Bildungsmobilität: In der Schule nach unten durchgereicht

Das deutsche Schulsystem ist durchlässig. Doch vor allem nach unten: Auf jeden Aufsteiger kommen zwei Absteiger, wie eine neue Studie ermittelt hat.

So ist es Tradition in Deutschland: Lehrer und Eltern bemühen sich, nach der Grundschule jeden Schüler derjenigen Schulform zuzuordnen, die zu seinen Leistungen am besten zu passen scheint. Die Entscheidung ist jedoch korrigierbar, das Schulsystem ist durchlässig. Dabei geht es jedoch für die meisten Schüler nach unten, sie werden „abgeschult“, wie es in der Pädagogensprache heißt. Im Schuljahr 2010/2011 kamen auf einen Aufsteiger zwei Absteiger: Rund 50 000 Schüler zwischen Klasse fünf und Klasse zehn wurden auf eine niedrigere Schulform herabgestuft, während nur 23 000 Schülern der Aufstieg gelang. Das geht aus der Studie zum „Schulformwechsel in Deutschland“ hervor, die am Dienstag in Berlin vorgestellt wurde.

„Die Erfahrung schulischen Scheiterns“ könne sich langfristig negativ „auf die Motivation und das Selbstvertrauen des Jugendlichen“ auswirken, erklärt Gabriele Bellenberg, Professorin für Schulforschung und Schulpädagogik in Bochum, in ihrer von der Bertelsmann-Stiftung beauftragten Untersuchung. Die meisten herabgestuften Schüler seien an der Schulform gescheitert, für die sie eine Grundschulempfehlung hatten.

Zwischen den Bundesländern stellt Bellenberg deutliche Unterschiede fest. So kommen in Niedersachsen auf einen Aufsteiger mehr als zehn Absteiger – bundesweit ist Niedersachsen damit führend beim „Abschulen“. In Niedersachsen, Hessen und NRW habe sich die Hauptschule anders als in Bayern und Baden-Württemberg zur „Restschule“ entwickelt. Die anderen elf Länder haben sich von der Hauptschule als eigener Schultyp inzwischen verabschiedet.

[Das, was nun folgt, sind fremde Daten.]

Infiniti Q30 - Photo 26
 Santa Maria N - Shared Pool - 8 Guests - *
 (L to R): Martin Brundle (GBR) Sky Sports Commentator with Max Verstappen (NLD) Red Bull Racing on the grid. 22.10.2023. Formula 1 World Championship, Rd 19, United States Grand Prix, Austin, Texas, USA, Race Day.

In Bayern und Baden-Württemberg gehen noch 25 Prozent der Schüler auf die Hauptschule, die inzwischen mit der Option des mittleren Schulabschlusses aufgewertet wurde. Doch Baden-Württemberg schneidet in der Studie weit besser ab als Bayern. Im Südwesten kommen auf einen Aufsteiger nur 1,5 Absteiger. Die Sitzenbleiberquote ist in Baden-Württemberg deutlich niedriger als in Bayern, das dortige System „deutlich weniger selektiv als das in Bayern“. Baden-Württemberg führe fast 54 Prozent zur Studienberechtigung, Bayern nur 41,2 Prozent.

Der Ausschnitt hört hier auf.